I think about island restoration visually. Imagine an island that’s been denuded because of invasive species. We have very little vegetation, very few seabirds, and our watersheds are filled with dirt. And when it rains, the deluge fills the nearshore environment, with, in this case, red sediments that could bury reefs. Imagine that we dive underwater, and let’s see what its coral reef looks like. In this case, at this point in time, we may see that there’s very few corals, we may see that there’s algae in the place of where you would have calcifiers—the things that are building the island itself. And in this case, we may not see what we envision as “wild.”
But now, let’s fast forward. We can imagine what this island can look like as we transition over to a more intact ecosystem. What do we care about underwater? We care about these wild characteristics, we care about there being more coral growing there, we care about there being habitat for the food that we care about—the fishes. And we also care about resilience: The resilience in the face of climate change.
We’re talking today about the local impacts that people can have. Let’s recall that there is this existential threat that we have of climate change. We can’t fight it alone. And we have to consider the connections between land and sea. Imagine our restored reef again and now, pop your head out of the water. The once-bare island looks like we expect it to look; the vegetation has grown back and the watershed is functioning the way it did in its wild state. And there are a lot more of the seabirds and other animals that are the connector species between the land and the sea.
Yet I want to remind us all that the story is not so simple. We can’t guarantee that every island will see the same change if we eradicate invasive species. Natural history is an art form. Understanding the variability of coral reefs, or any natural ecosystems, is an art form. They’re all different; they all have a story to tell. And that’s why we need different communities to come together, in different environments and across different islands to work with scientific communities and other stakeholders to make a new community committed to island stewardship. We need to recognize that each of these islands and reefs has its own story, and needs its own level of support and caring to restore it to a wild state.

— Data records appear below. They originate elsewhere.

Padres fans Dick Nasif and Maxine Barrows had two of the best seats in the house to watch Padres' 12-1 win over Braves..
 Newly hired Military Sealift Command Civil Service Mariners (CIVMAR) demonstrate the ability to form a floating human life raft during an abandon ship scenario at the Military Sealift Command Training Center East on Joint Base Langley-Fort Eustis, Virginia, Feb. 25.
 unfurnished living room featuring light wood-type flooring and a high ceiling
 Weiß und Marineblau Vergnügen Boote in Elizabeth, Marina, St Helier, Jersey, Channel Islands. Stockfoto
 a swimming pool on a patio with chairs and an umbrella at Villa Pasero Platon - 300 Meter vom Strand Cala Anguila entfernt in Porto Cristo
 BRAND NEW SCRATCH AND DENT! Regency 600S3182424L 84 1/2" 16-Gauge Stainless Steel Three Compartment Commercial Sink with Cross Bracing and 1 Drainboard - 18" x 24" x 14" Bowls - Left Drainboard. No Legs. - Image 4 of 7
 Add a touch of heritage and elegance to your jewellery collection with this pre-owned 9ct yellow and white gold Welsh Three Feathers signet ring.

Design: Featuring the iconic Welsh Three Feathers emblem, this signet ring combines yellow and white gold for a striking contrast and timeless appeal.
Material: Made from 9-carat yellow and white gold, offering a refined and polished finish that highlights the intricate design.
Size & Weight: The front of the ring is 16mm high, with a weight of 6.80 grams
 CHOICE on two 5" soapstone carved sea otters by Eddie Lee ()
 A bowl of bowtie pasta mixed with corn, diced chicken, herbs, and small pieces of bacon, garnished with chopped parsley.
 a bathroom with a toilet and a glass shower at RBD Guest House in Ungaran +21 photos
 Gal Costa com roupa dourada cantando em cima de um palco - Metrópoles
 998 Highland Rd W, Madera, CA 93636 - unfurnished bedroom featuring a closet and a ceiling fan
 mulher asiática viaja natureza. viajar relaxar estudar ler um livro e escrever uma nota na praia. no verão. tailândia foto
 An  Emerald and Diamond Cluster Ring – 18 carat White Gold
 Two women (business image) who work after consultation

So let’s look underwater. Let’s share our experiences together and use technology much in the same way we use satellites or drone imagery to see the land, to see underwater and experience it together. Fishermen say they know what the fish are telling them. But the reef doesn’t have a voice. Technology that helps us see the reef and know its history gives it a voice to tell its story. We have to have that voice, we have to let that fish nip us in the ear and make us think about things. We need to hear the story together.